• [Description of the task] Without the pictures, restate all of the data below word for word.

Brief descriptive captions
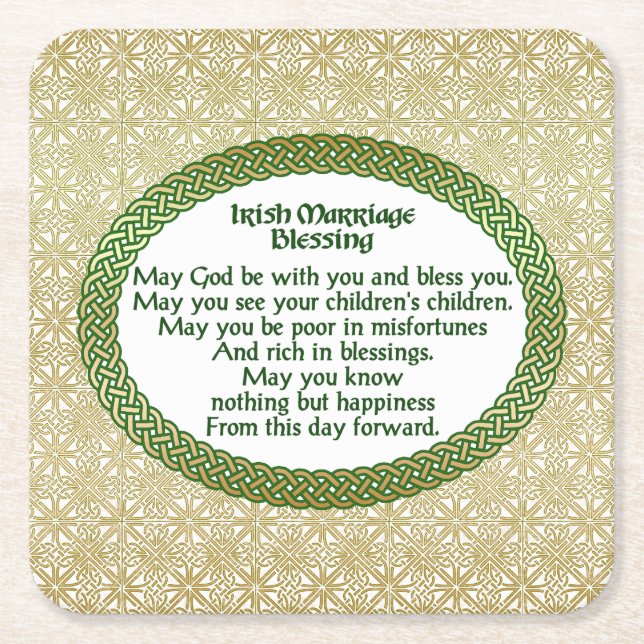 Irish Marriage Blessing, Gold & Green Wedding Square Paper Coaster (Front)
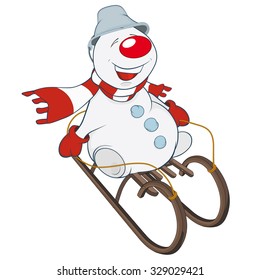 Vector Illustration of Cute Snowman . Cartoon Character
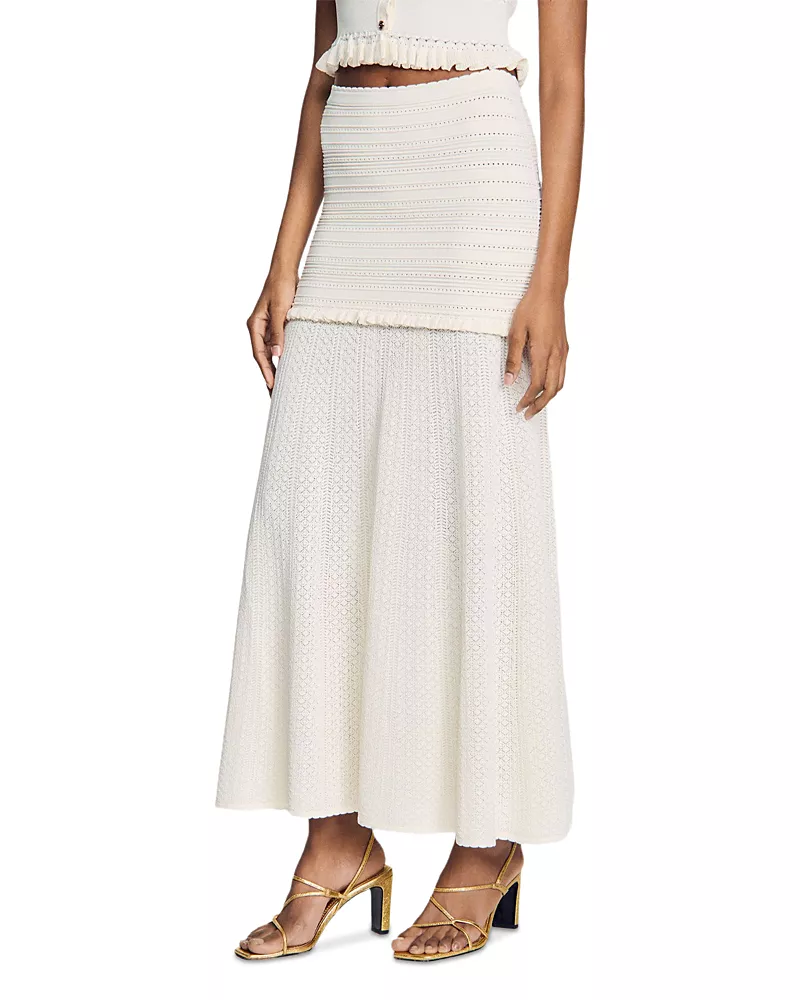 Sandro Cassalara Mixed Pointelle Knit Maxi Skirt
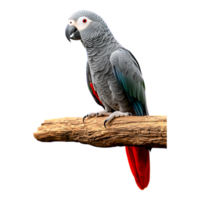 Stunning African Grey Parrot Sitting on Branch in Natural Habitat png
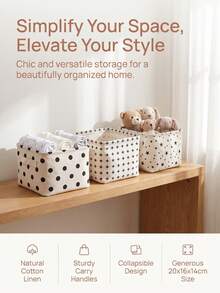 Haus Hana 1Pc/2Pcs/3Pcs Pattern Cotton Linen Fabric Storage Box, Durable Cotton Linen Material With Three Classic Printed Motifs. Portable Foldable Tidying Case For Vanity Table Use, Indoor Corner Clutter Sorting Accessory For Home Personal Item Collection. - Multicolor - View 12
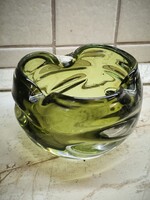 Üveg hamutartó eladó!Art Deco,zöld tömör üveg hamutál, hamutartó eladó!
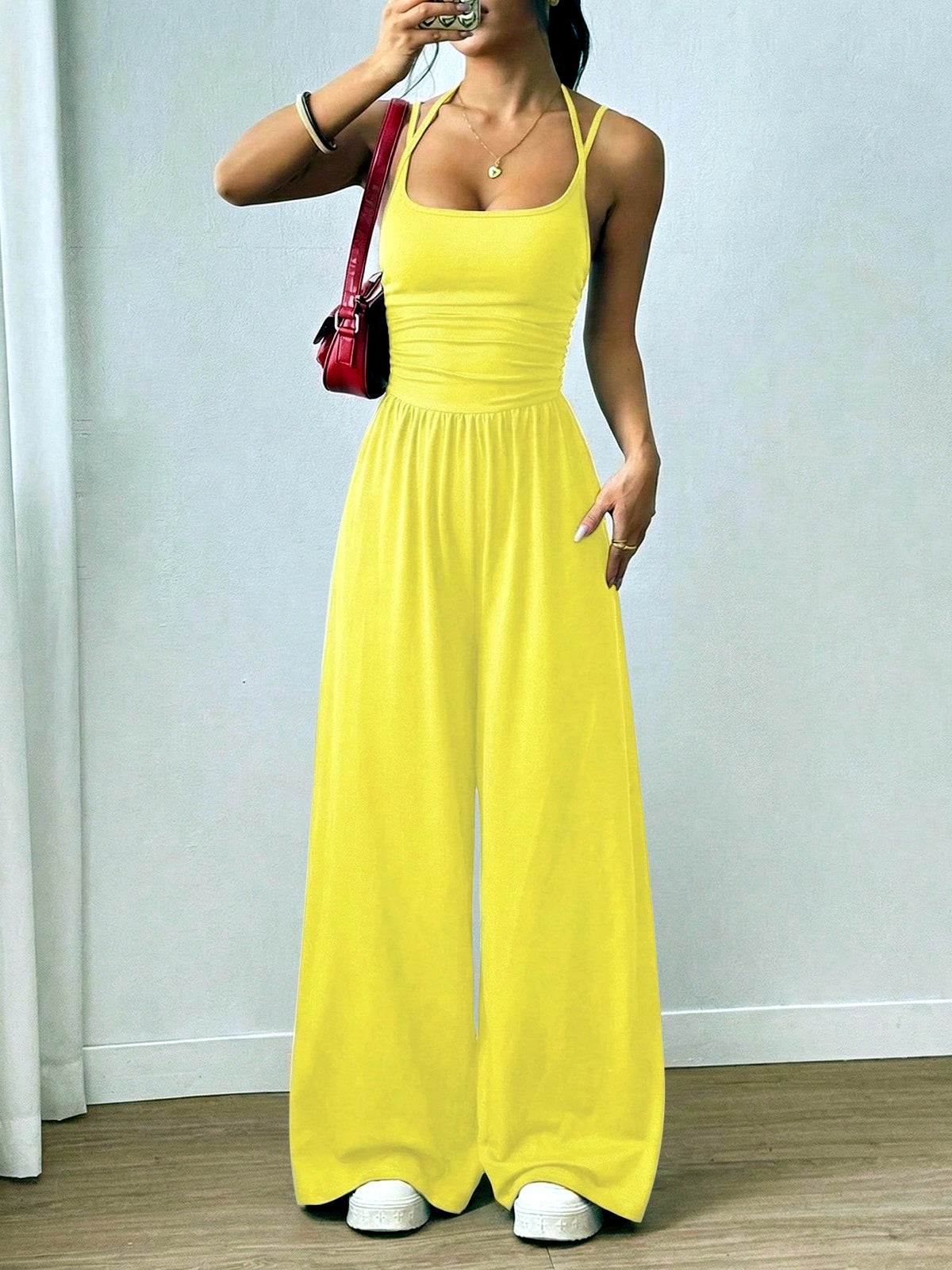 Women's Relaxed-Fit Sleeveless Stretch High-Waist Wide-Leg Jumpsuit in Yellow - product view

• [Answer space]
 Irish Marriage Blessing, Gold & Green Wedding Square Paper Coaster (Front)
 Vector Illustration of Cute Snowman . Cartoon Character
 Sandro Cassalara Mixed Pointelle Knit Maxi Skirt
 Stunning African Grey Parrot Sitting on Branch in Natural Habitat png
 Haus Hana 1Pc/2Pcs/3Pcs Pattern Cotton Linen Fabric Storage Box, Durable Cotton Linen Material With Three Classic Printed Motifs. Portable Foldable Tidying Case For Vanity Table Use, Indoor Corner Clutter Sorting Accessory For Home Personal Item Collection. - Multicolor - View 12
 Üveg hamutartó eladó!Art Deco,zöld tömör üveg hamutál, hamutartó eladó!
 Women's Relaxed-Fit Sleeveless Stretch High-Waist Wide-Leg Jumpsuit in Yellow - product view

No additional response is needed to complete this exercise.